The Kakaso'las totem pole has been on loan to Vancouver's largest park since 1985, according to the city's park board. Now that loan has expired, and it returned to the Museum of Anthropology (MOA).
It is six metres tall, and features many important figures in Kwakwaka'wakw culture: the thunderbird, a sea-bear holding an orca, a man holding a frog, Bak'was (the wild man of the woods), Dzunuk'wa (giant of the woods) and a raven.
Kakaso'las was carved by Kwakwaka'wakw artist Ellen Neel in 1955. The Alert Bay-born artist made waves at the time for being one of the first female carvers to find success in a traditionally male-dominated space.
Neel passed away in 1966.
Her family say it's best that the totem pole be moved to an indoor location at the MOA in order to preserve it for decades to come.
Lou-ann Neel, Ellen's granddaughter, is an artist herself. She says the pole is actually named after her grandmother's traditional name.
"There may have been an assumption that that was what the the pole was named, and it just came to be called that after a while," she told Gloria Macarenko, host of CBC's On The Coast.
"We didn't have a problem with it because it still associated the pole with my grandmother."
Neel says her grandmother challenged colonial narratives that "women don't carve," and she was very strong in her cultural ways.
Carved for department store
The Vancouver Park Board says Kakaso'las was carved in Ellen Neel's Ferguson Point studio in Stanley Park, as part of a commission for Woodward's department store.
It was initially placed at the Westmount Shopping Centre in Edmonton, before being donated to the MOA in 1984. Ellen's son Robert Neel helped restore the pole, according to the park board, before it was placed at Brockton Point in Stanley Park.
"She was really a visionary for the future of contemporary Kwakwaka'wakw art," Lou-ann said of her grandmother. "She was prepared to try any material any time ... so she made quite a few things."

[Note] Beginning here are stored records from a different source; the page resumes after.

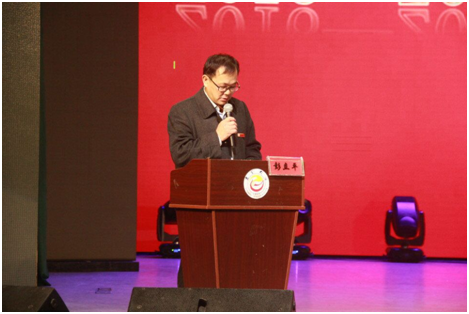 (图为戴军书记发言)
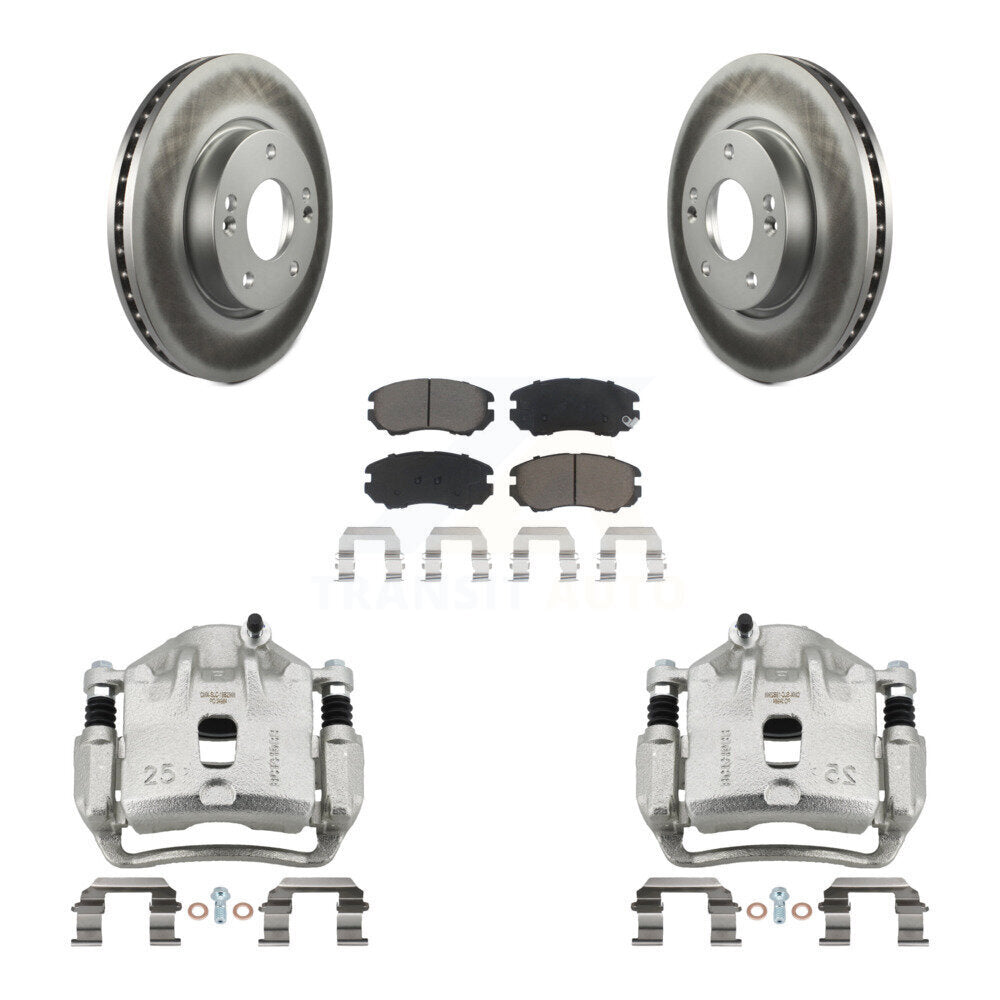 Transit Auto KCG-100563C Disc Brake Kit for 2012-2013 Kia Soul - Front product image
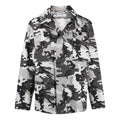 Off-White Men's SS21 Logo Camouflage Jacket Slim Fit Gray OMEL015S21FAB0010900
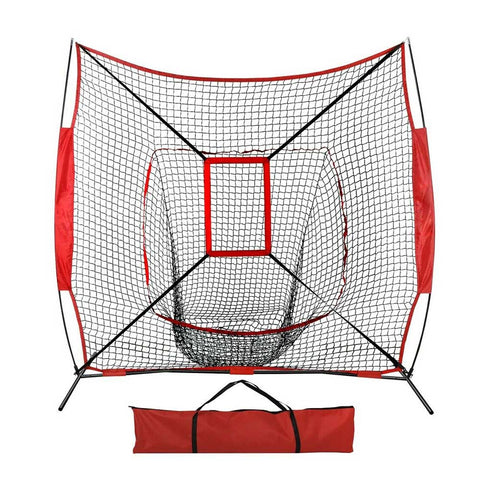 7'×7' Baseball Softball Practice Net with Strike Zone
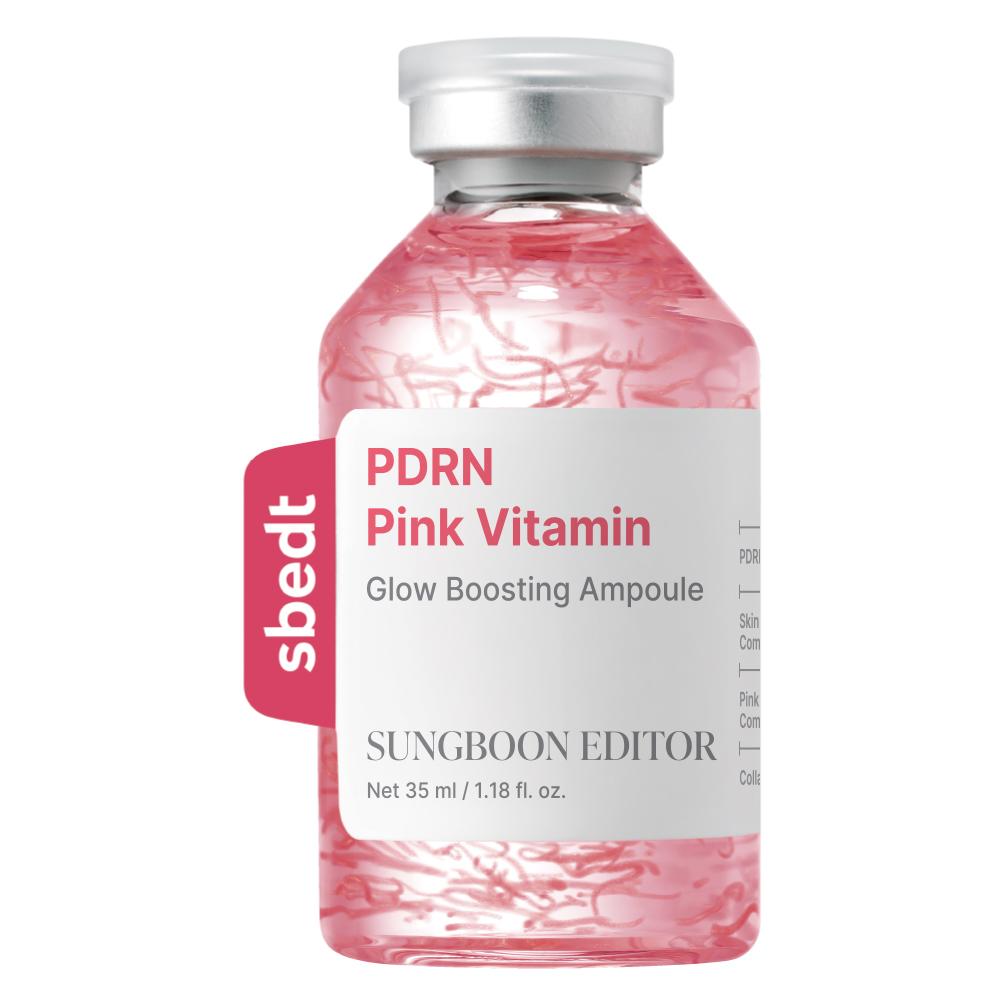 Sungboon Editor PDRN Pink Vitamin Glow Boosting Ampoule 35ml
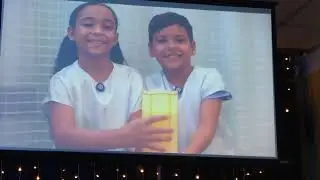Apresentação de Julia e sua turma no Colégio Rosário.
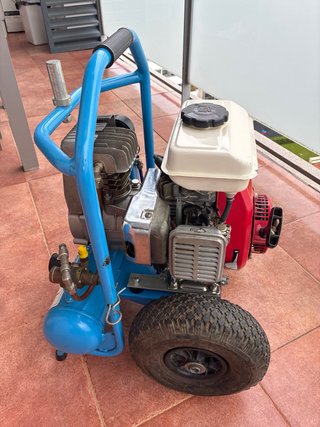 Compresor aire poda Honda portátil+ 2 tijeras.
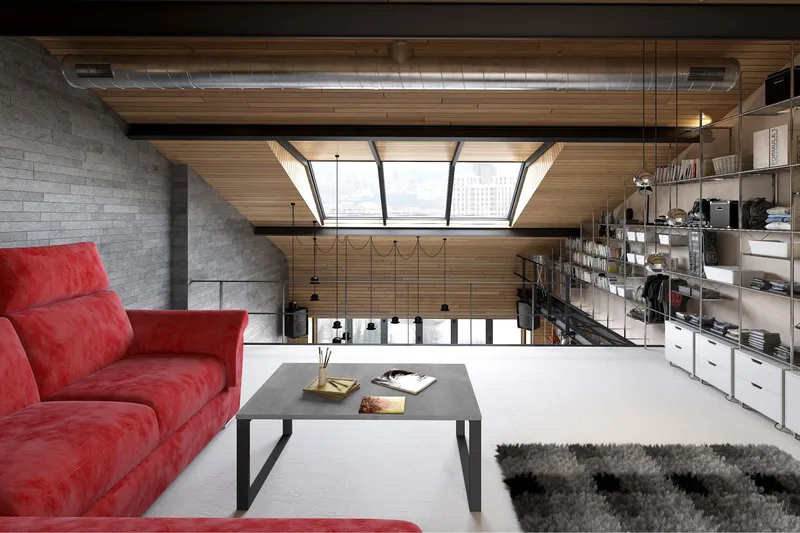 Sohvapöytä Monteith 90 cm - Betoninharmaa/Musta - Huonekalut - Pöytä & ruokailuryhmä - Sohvapöytä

Lou-ann says that spending time with her grandmother's vast body of work helped her to understand her own artistic style, and she recently has taken up carving herself.
In response to questions about why the pole was going to the MOA — and not being repatriated to Neel's home territory, Lou-ann said she wanted to honour her grandmother's business affairs as the pole was originally a commission.
In addition, she says that there just wasn't room to put a large number of totem poles in her home community, and it took time and money to house returned treasures — something she says a lot of First Nations communities are working on now.
"Maybe someday this pole will make its way back into our territory. I hope that I get to see that if it does happen," she said. "In the meantime, we have a lot of confidence and good friendships with the people at the Museum of Anthropology."